«–No cruce por ahí. Puede haber minas.
«Parece no haberlas, pero al caminar se tropieza con cientos de granadas sin detonar. A lo lejos, el sordo retumbar del cañón, el reventar de los obuses, tienden un telón de fondo de pelea. La desolación del lugar, con más cadáveres vestidos con ropa pintarrajeada, se acentúa por el mosquerío que los ronda… (…) A mi lado hieren a un combatiente. La mancha oscura, pegajosa, crece sobre su camisa a la altura del hombro izquierdo. Él se cubre con la mano abierta e intenta ocultarlo. No quiere que el Responsable lo mande a la retaguardia.
«Anochece. Un hombre de modesta apariencia se abre paso, me busca. (…) –Ayer (…) salí con mi mujer, mis hijos, y algunos niños heridos durante los bombardeos, en busca de un refugio. Al llegar a la curva de Caletón, a pesar de la sábana blanca que agitamos, nos ametrallaron. Casi todos cayeron. Mi mujer entre ellos. La recosté a mi hombro y ella animó a la hija mayor: que no llorara ni dejara la Milicia, porque esta es nuestra Revolución».
Quien esta escena presenció, para luego llevarla a la escritura, es nuestra Dora Alonso, la autora de Aventuras de Guille, El valle de la pájara pinta y El cochero azul; la novelista que legó a las letras cubanas Tierra inerme, Sol de Batey y Tierra brava; la poetisa que compuso para los niños La flauta de chocolate y El grillo caminante; la dramaturga que para ellos concibió Pelusín del monte y Espantajo y los pájaros; Dora, la conocida guionista radial...
En el fragmento citado, la pluma se desliza para describir, en su Diario de guerra, sus vivencias como corresponsal de guerra durante la invasión mercenaria en Playa Girón. Titulado En Playa larga, el relato forma parte del libro El año 61, en el que Dora incluye, además, hermosísimas narraciones sobre la Campaña de Alfabetización.

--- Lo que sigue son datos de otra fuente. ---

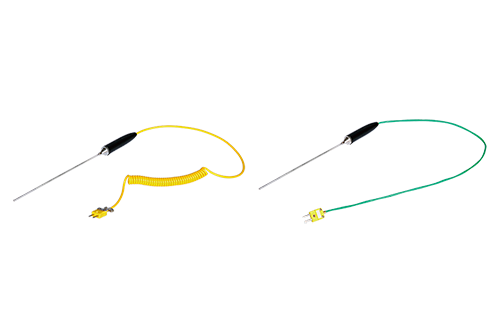 K-Type Handheld Armored Thermocouples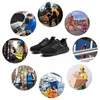 MWSC Veiligheid Werkschoenen Voor Mannen Antismashing Stalen Neus Werkschoenen Schoenen Onverwoestbare Beschermende Laarzen Mannelijke Veiligheid Sneakers Mannen Y200915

Aunque decir su nombre nos remite, de inmediato, a la literatura escrita para niños, de la que fue y es un pilar, Dora escribió para todos. Desde pequeña se le llenaba el pensamiento de historias imaginarias que después llevaba al papel. Estudió periodismo y sintió en su ser, desde muy joven, la necesidad de conquistar la justicia social de que adolecía su patria; por eso se alistó en la insurrección.
Fue madre adoptiva de un niño mulato, un huerfanito que se llevó, en 1953, a vivir con ella. José Joaquín Alfonso Malagón fue rescatado, en palabras de Dora, de «la más asqueante de las creches de La Habana. (…) Pero de aquella cosa oscura, de aquellas raíces desconocidas, de aquel mundo poblado de horrores y de lágrimas que fue su infancia, salió un hombre bueno».
De profunda vocación martiana, Dora hizo literatura con las impresiones ganadas al atestiguar el abuso, la humillación, el racismo y la explotación colonialista que azotó a Cuba antes del triunfo revolucionario. Los premios acompañaron durante toda su vida a aquel ser de traslúcida dulzura, que en los niños halló su más instintiva inspiración.
Obtuvo, entre muchos otros, el premio nacional Hernández Catá, en 1947; el Casa de las Américas, de novela, en 1961; y de literatura para niños y jóvenes, en 1980; el Premio Mundial de Literatura José Julián Martí; y en 1988, el Premio Nacional de Literatura. Pero el más grande reconocimiento trasciende incluso su deceso, acaecido un día como hoy, 21 de marzo, hace 24 años; y es que su espíritu vive en el nuestro, gracias a su generosidad tan sabiamente esparcida.